Finn had a stupid grin on his face. He leaned down to finish our pool game and took his shot. He was distracted, though, and the shot missed entirely, his last ball bouncing off of the edge.

I leaned over and easily sunk the 8-ball, winning the game.

“Enjoy,” I said, handing off the cue to the woman right away.

“Good game, Ori,” Finn was saying, and I gave him a little wave as I walked off toward the bar.

“Have fun,” I said over my shoulder, not looking behind me. I heard the woman start flattering him some more, and by the time I got to the bar, my heart was pounding for no reason at all.

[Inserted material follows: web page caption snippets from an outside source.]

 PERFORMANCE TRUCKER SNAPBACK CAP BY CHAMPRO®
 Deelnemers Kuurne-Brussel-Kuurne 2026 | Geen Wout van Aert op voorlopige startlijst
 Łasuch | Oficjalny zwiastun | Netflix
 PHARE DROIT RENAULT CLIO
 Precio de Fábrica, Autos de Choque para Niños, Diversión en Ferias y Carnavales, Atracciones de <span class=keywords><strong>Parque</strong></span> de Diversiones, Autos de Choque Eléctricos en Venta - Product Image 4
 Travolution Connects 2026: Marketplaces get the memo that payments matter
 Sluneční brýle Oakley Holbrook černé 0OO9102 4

I sat down and Max and Kane came up to serve me right after.

“Want a mojito?” Max asked.

“Mojito? How come?”

“I’m trying out a new recipe for one,” he said. “It’s got cranberry cinnamon orange syrup in it.”

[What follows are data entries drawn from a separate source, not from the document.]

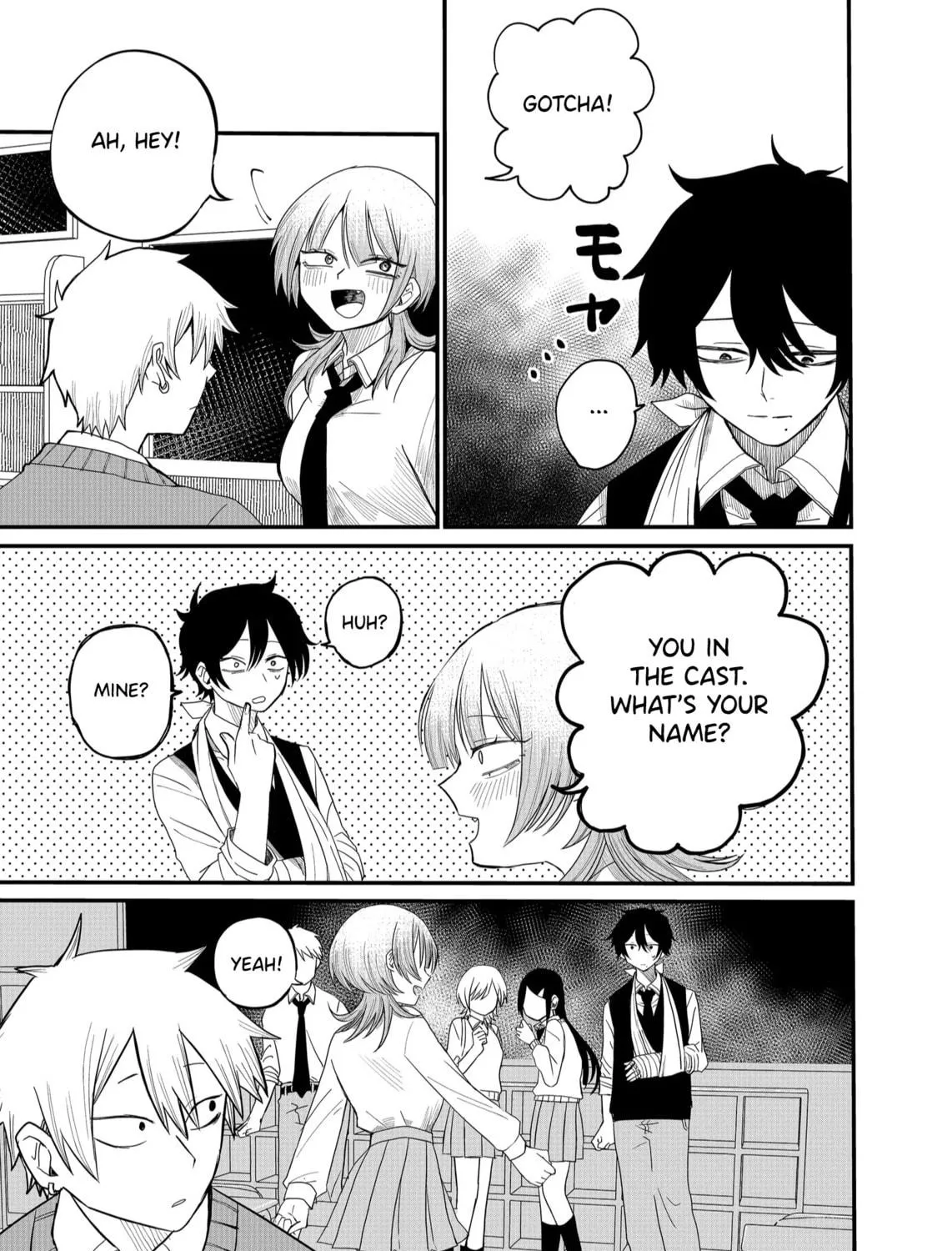 Shihai Shoujo Kubaru-chan Chapter 2 page 39 - 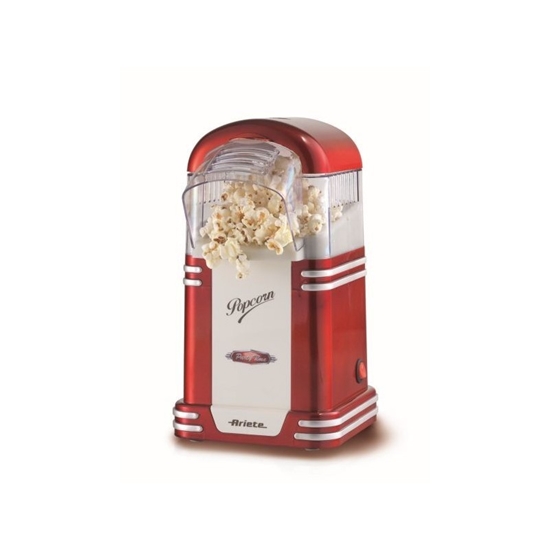 Изображение Ariete Party Time 2954 Popcorn-maskine 1.1kW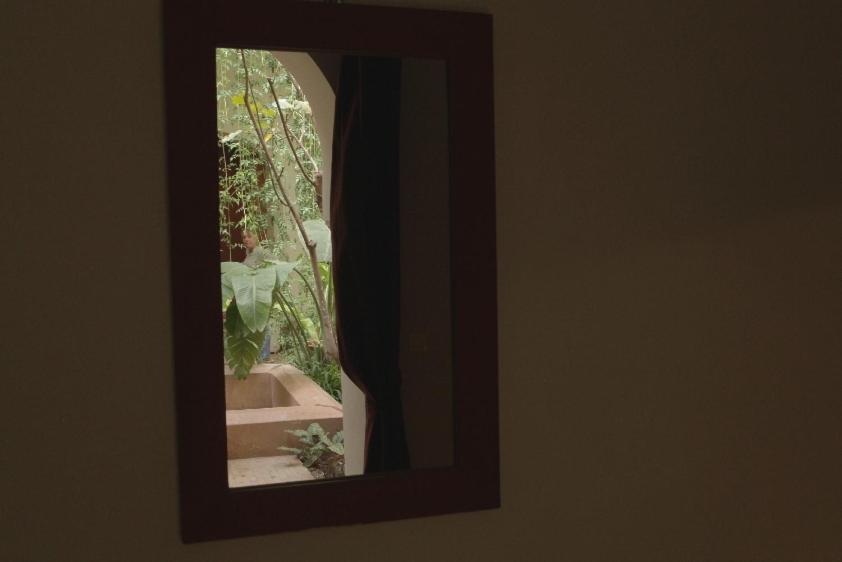 Figuier Double Room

“Then that’s not a mojito, kid,” Kane told him, giving him a glance.

“How’d you get the idea for it?” I asked.

“The cat ghost knocked over the cinnamon in the back earlier today, so I decided to try making something with it,” Max said.

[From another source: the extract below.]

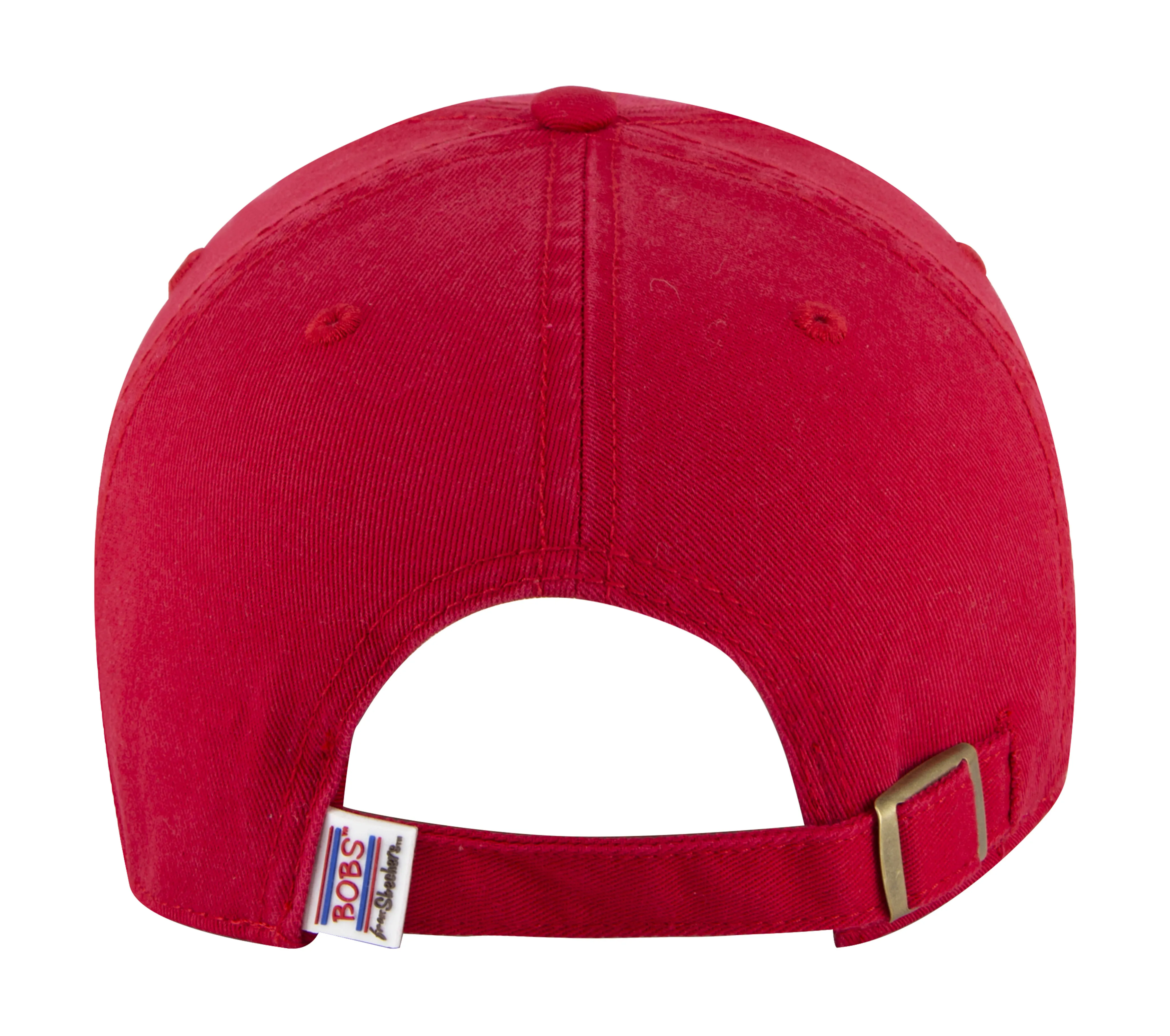 Paw Print Twill Washed Hat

Kane rolled his eyes. “I knocked that over when I was carrying a box earlier. And I’m telling you, if there’s cinnamon in it, that’s not a mojito.”

“Well, it still has mint and rum in it,” Max protested.

“I’m telling you,” Kane said to me, “since I hired this guy, I’ve had the strangest cocktails that have ever graced the walls of this saloon. What was it last week? A hamburger martini?”

Max snorted. “Kane doesn’t appreciate innovation and creativity,” he said. “It was a ketchup martini.”

“Um, Max,” I said, “I’ve got to tell you, that sounds utterly fucking gross.”

“The weird thing is that it was actually not too bad,” Kane admitted. “But it sure as hell isn’t going on the menu.”

“The mojito tonight is good. Trust me. It has a little rosemary in it, too.”